Topic-Modelling-Using-RACE-Dataset

Business Context

Think when you have to analyze or go through thousands of documents and categorize under 10 – 15 buckets. How tedious and boring will it be ? Thanks to Topic Modeling where instead of manually going through numerous documents, with the help of Natural Language Processing and Text Mining, each document can be categorized under a certain topic.

We expect that logically related words will co-exist in the same document more frequently than words from different topics.
- For example, in a document about space, it is more possible to find words such as: planet, satellite, universe, galaxy, and asteroid.
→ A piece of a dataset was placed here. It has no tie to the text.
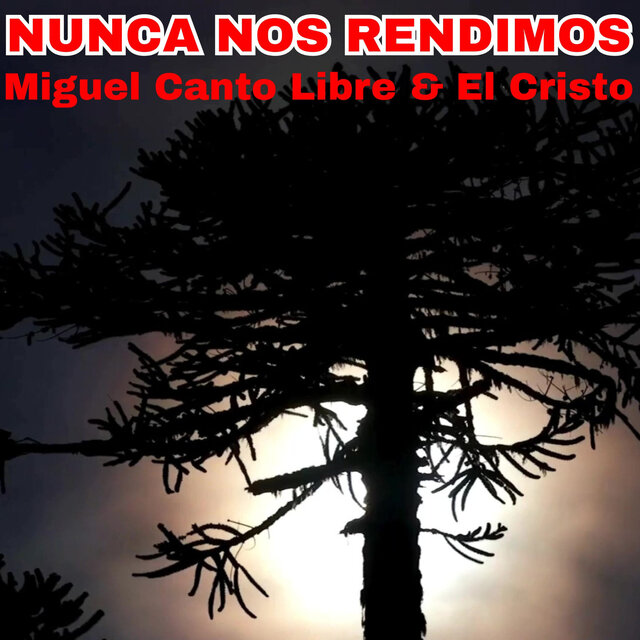 Nunca Nos Rendimos
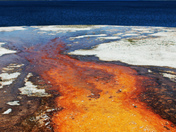 Yellowstone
Whereas, in a document about the wildlife, it is more likely to find words such as: ecosystem, species, animal, and plant, landscape.
A topic contains a cluster of words that frequently occurs together.
A topic modeling algorithm can connect words with similar meanings and distinguish between uses of words with multiple meanings.
A sentence or a document is made up of numerous topics and each topic is made up of numerous words.

Tech Stack

$\rightarrow$ Language: Python
$\rightarrow$ Libraries: nltk, gensim, BERTopic, Top2Vec, scikit_learn, bokeh, t-SNE, pyLDAvis, tqdm, numpy, joblib, pandas

Output

Dataset Summary

The ReAding Comprehension dataset from Examinations (RACE) dataset is a machine reading comprehension dataset consisting of 27,933 passages and 97,867 questions from English exams, targeting Chinese students aged 12-18. RACE consists of two subsets, RACE-M and RACE-H, from middle school and high school exams, respectively. RACE-M has 28,293 questions and RACE-H has 69,574. Each question is associated with 4 candidate answers, one of which is correct. The data generation process of RACE differs from most machine reading comprehension datasets - instead of generating questions and answers by heuristics or crowd-sourcing, questions in RACE are specifically designed for testing human reading skills, and are created by domain experts.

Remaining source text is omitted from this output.